On 2/5/2026 10:28 AM, [email protected] wrote:
Replace non-atomic vm->process_info assignment with cmpxchg()
to prevent race when parent/child processes sharing a drm_file
both try to acquire the same VM after fork().
I wonder how parent/child processes can share same drm file? The child
process should close render node after fork/exec, then create its own
gpu vm.
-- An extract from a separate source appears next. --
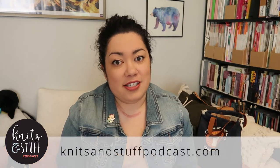Hello, welcome to episode 79 of Knits and Stuff. My name is Alicia and today we'll be talking about finished objects, works in progress, pretty things, and local delights. Welcome to those of you that are new, and for returning watchers, thanks for coming back. There's a group in Ravelry called Knits and Stuff Podcast, and show notes are at knitsandstuffpodcast.com.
Thunk open render node with O_CLOEXEC.
Regards
Xiaogang
Signed-off-by: [email protected] <[email protected]>
---
drivers/gpu/drm/amd/amdgpu/amdgpu_amdkfd_gpuvm.c | 6 +++++-
1 file changed, 5 insertions(+), 1 deletion(-)
diff --git a/drivers/gpu/drm/amd/amdgpu/amdgpu_amdkfd_gpuvm.c
b/drivers/gpu/drm/amd/amdgpu/amdgpu_amdkfd_gpuvm.c
index 00ea69baa126..f7b2358a0303 100644
--- a/drivers/gpu/drm/amd/amdgpu/amdgpu_amdkfd_gpuvm.c
+++ b/drivers/gpu/drm/amd/amdgpu/amdgpu_amdkfd_gpuvm.c
@@ -1432,7 +1432,10 @@ static int init_kfd_vm(struct amdgpu_vm *vm, void
**process_info,
*process_info = info;
}
- vm->process_info = *process_info;
+ if (cmpxchg(&vm->process_info, NULL, *process_info) != NULL) {
+ ret = -EINVAL;
+ goto already_acquired;
+ }
/* Validate page directory and attach eviction fence */
ret = amdgpu_bo_reserve(vm->root.bo, true);
@@ -1472,6 +1475,7 @@ static int init_kfd_vm(struct amdgpu_vm *vm, void
**process_info,
amdgpu_bo_unreserve(vm->root.bo);
reserve_pd_fail:
vm->process_info = NULL;
+already_acquired:
if (info) {
dma_fence_put(&info->eviction_fence->base);
*process_info = NULL;